Indeed, O’Brien noted over the weekend that there’s still some possibility of Royals GM Dayton Moore being a candidate to run the Braves’ baseball ops department, despite the fact that the Royals initially declined to allow him to interview. Other names potentially under consideration (as PBOp and/or GM) include Ben Cherington, Jim Hendry, Doug Harris, and Dan Jennings, O’Brien also tweets. (Bowman tweeted yesterday that Hendry could be a candidate.)
Needless to say, there’s still quite a lot of uncertainty surrounding the Braves’ front office situation. In all likelihood, that will remain the case until after the World Series has concluded.

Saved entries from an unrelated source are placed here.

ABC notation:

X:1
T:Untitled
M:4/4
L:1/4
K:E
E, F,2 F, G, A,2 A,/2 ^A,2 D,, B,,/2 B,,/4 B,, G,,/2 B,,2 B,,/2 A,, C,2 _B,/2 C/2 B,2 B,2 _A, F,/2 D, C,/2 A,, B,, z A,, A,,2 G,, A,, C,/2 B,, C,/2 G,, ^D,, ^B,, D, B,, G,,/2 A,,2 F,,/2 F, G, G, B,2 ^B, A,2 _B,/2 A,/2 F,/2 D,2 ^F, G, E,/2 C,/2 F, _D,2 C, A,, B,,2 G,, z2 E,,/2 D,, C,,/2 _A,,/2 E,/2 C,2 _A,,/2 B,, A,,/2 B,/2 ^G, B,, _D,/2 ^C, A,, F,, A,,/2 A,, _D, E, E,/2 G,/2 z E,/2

OCTOBER 30: ESPN’s Jerry Crasnick reports that Major League Baseball will not punish Braves president of baseball operations John Hart as part of the investigation into the Braves’ violations on on the international free agent market and in the June amateur draft. Per Crasnick’s report, the league’s investigation found that Hart did not play a role in the violations committed by former GM John Coppolella and international scouting director Gordon Blakeley (the full extent of which remain unclear).
Crasnick adds that Coppolella and Blakely acted “without knowledge or approval” from Hart or team president John Schuerholz, but the league is still looking into other lower-level Braves employees to determine whether they played a role. Hart, at one point, was reported to have played some role in the Braves’ violations, though there’s yet to be any reported indication of evidence found against him. Crasnick quotes a source that called Hart’s management style “disengaged.”

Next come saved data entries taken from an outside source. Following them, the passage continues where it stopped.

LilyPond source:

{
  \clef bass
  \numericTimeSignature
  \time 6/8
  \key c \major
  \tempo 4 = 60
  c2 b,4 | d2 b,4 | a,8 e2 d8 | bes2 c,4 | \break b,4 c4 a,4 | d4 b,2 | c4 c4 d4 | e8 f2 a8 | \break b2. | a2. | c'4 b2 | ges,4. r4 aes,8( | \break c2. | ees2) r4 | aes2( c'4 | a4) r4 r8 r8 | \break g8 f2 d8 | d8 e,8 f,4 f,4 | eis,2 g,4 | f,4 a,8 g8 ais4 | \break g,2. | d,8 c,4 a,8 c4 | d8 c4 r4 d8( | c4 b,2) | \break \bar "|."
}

The outcome of the investigation, particularly the fate of Hart, is of particular intrigue given the uncertainty that presently permeates the Atlanta front office. Crasnick reported over the weekend that the Braves were denied permission to interview Royals general manager Dayton Moore, but even before they were denied, there’d been widespread speculation that Moore would not abandon his post with the Royals to work underneath Hart. If Hart is indeed retained and holds onto his title, that could limit the field of candidates with interest in the job. Certainly, any current general manager would be unlikely to jump ship, as executives will typically only move to a new organization (or even be granted permission to interview) if the move results in a clear promotion. Furthermore, some non-GM execs may not be interested in joining what looks to be a tumultuous front-office structure without the promise of baseball operations autonomy.

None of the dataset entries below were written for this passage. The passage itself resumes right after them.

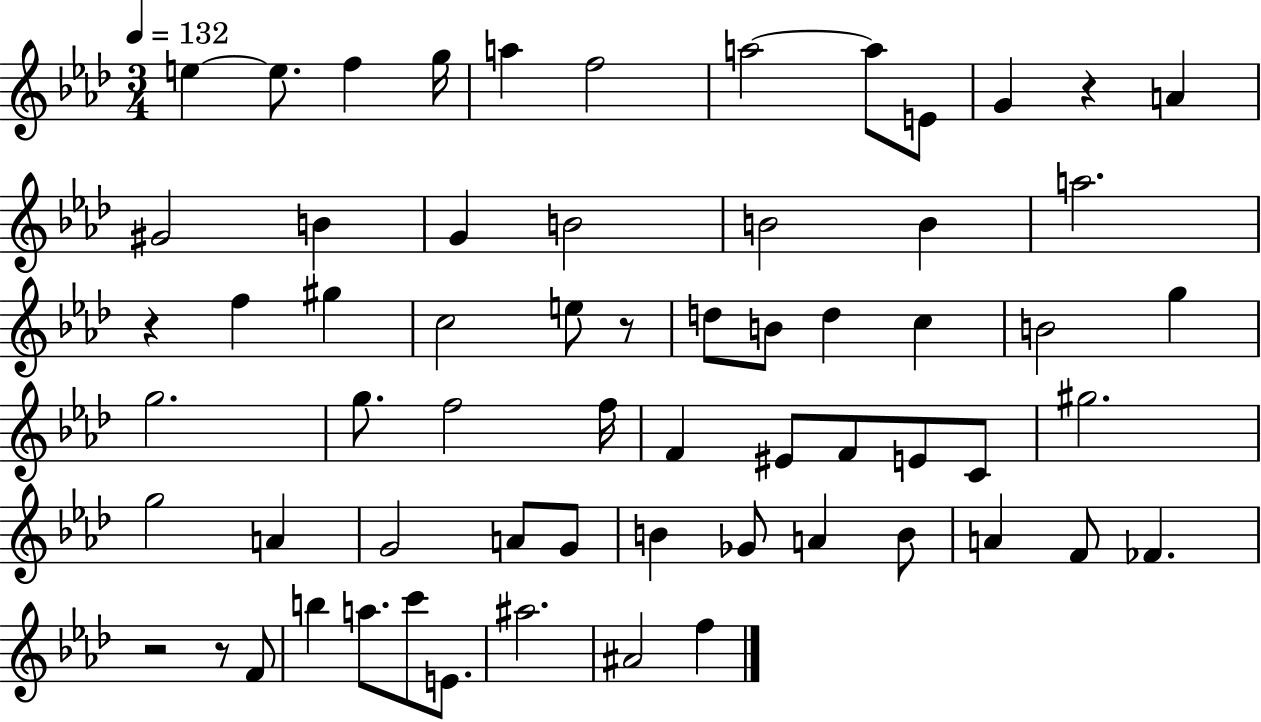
X:1
T:Untitled
M:3/4
L:1/4
K:Ab
e e/2 f g/4 a f2 a2 a/2 E/2 G z A ^G2 B G B2 B2 B a2 z f ^g c2 e/2 z/2 d/2 B/2 d c B2 g g2 g/2 f2 f/4 F ^E/2 F/2 E/2 C/2 ^g2 g2 A G2 A/2 G/2 B _G/2 A B/2 A F/2 _F z2 z/2 F/2 b a/2 c'/2 E/2 ^a2 ^A2 f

The Braves could, of course, still lure a younger exec to work under Hart, as was the hope with Coppolella. Speculatively speaking, it also seems possible that the Braves could yet orchestrate a more dramatic set of changes to the top levels of their baseball operations hierarchy. Hart’s contract, after all, was set to expire upon completion of the 2017 season. And ownership presumably wouldn’t be thrilled to learn that its baseball operations president was oblivious to the numerous sanction-worthy actions that were apparently being committed during his tenure. Some reports since Coppolella’s resignation have suggested that Hart will remain with the organization beyond 2017, though one can imagine that ownership will first want to learn the full scope of the results of MLB’s investigation before making any definitive determination.
Thus far, Moore has been the most frequently linked name to the Braves’ GM vacancy, though that match appears decidedly unlikely at the moment. Former Red Sox GM Ben Cherington (currently working with the Blue Jays), Nationals assistant GM Doug Harris and former Marlins GM Dan Jennings (also with the Nats) have all been linked to the opening. Once the league announces its findings and any further ramifications following the completion of the World Series, other potential candidates figure to emerge thanks to the added level of clarity.